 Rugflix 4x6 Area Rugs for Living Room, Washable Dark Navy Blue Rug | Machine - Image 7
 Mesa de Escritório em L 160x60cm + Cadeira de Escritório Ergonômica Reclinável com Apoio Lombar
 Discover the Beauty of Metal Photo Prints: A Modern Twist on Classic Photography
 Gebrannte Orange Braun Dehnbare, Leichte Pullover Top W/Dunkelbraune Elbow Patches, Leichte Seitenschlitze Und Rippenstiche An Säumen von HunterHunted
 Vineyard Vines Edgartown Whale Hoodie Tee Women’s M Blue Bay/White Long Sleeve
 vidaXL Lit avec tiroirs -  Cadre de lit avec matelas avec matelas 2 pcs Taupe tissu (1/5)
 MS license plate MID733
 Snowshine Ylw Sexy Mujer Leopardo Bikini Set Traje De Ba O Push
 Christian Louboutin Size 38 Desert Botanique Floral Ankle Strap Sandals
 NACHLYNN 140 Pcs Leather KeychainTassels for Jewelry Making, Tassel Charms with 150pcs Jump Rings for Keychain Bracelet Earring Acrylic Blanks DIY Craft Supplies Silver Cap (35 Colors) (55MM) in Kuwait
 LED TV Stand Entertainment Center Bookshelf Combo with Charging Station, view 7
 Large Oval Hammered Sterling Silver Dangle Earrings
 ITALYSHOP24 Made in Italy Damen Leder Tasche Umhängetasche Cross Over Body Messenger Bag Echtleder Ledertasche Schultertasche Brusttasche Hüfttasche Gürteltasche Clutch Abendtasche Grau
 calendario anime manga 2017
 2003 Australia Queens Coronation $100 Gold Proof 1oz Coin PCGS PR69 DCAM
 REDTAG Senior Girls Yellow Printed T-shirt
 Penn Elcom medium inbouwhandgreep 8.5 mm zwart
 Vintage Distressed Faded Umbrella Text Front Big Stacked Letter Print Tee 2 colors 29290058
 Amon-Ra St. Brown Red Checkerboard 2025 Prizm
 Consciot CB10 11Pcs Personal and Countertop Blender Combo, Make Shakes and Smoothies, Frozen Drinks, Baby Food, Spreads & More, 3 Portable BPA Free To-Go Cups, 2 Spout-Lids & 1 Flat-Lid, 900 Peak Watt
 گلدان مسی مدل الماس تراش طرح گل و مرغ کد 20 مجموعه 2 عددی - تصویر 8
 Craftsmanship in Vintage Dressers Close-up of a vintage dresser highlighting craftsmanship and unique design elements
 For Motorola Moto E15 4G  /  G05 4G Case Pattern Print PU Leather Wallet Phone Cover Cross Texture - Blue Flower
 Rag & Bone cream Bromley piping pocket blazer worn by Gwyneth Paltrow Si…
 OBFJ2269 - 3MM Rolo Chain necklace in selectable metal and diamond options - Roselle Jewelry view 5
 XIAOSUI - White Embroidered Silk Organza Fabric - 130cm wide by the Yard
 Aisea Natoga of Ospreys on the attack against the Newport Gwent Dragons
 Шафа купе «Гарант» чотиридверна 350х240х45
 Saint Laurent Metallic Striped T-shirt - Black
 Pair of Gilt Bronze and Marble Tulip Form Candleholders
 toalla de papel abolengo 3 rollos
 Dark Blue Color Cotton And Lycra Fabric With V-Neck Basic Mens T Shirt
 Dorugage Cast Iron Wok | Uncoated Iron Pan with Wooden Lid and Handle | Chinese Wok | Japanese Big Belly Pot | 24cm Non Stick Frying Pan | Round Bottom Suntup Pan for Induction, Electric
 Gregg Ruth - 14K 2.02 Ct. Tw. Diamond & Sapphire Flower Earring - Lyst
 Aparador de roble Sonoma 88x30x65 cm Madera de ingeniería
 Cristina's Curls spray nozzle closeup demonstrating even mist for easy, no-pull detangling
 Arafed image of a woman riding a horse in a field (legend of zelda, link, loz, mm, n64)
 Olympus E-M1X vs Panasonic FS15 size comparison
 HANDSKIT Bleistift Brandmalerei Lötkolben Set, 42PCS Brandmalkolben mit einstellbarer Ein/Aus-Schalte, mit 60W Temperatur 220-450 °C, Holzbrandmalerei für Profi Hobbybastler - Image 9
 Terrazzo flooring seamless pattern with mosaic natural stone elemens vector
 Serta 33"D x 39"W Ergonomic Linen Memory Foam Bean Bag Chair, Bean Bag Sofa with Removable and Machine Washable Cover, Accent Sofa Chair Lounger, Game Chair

☆ ☆ ☆

[What is needed]:
Each line in the entries above that includes the string "Washable" should be extracted.

[Response to this exercise]:
 Rugflix 4x6 Area Rugs for Living Room, Washable Dark Navy Blue Rug | Machine - Image 7
 Serta 33"D x 39"W Ergonomic Linen Memory Foam Bean Bag Chair, Bean Bag Sofa with Removable and Machine Washable Cover, Accent Sofa Chair Lounger, Game Chair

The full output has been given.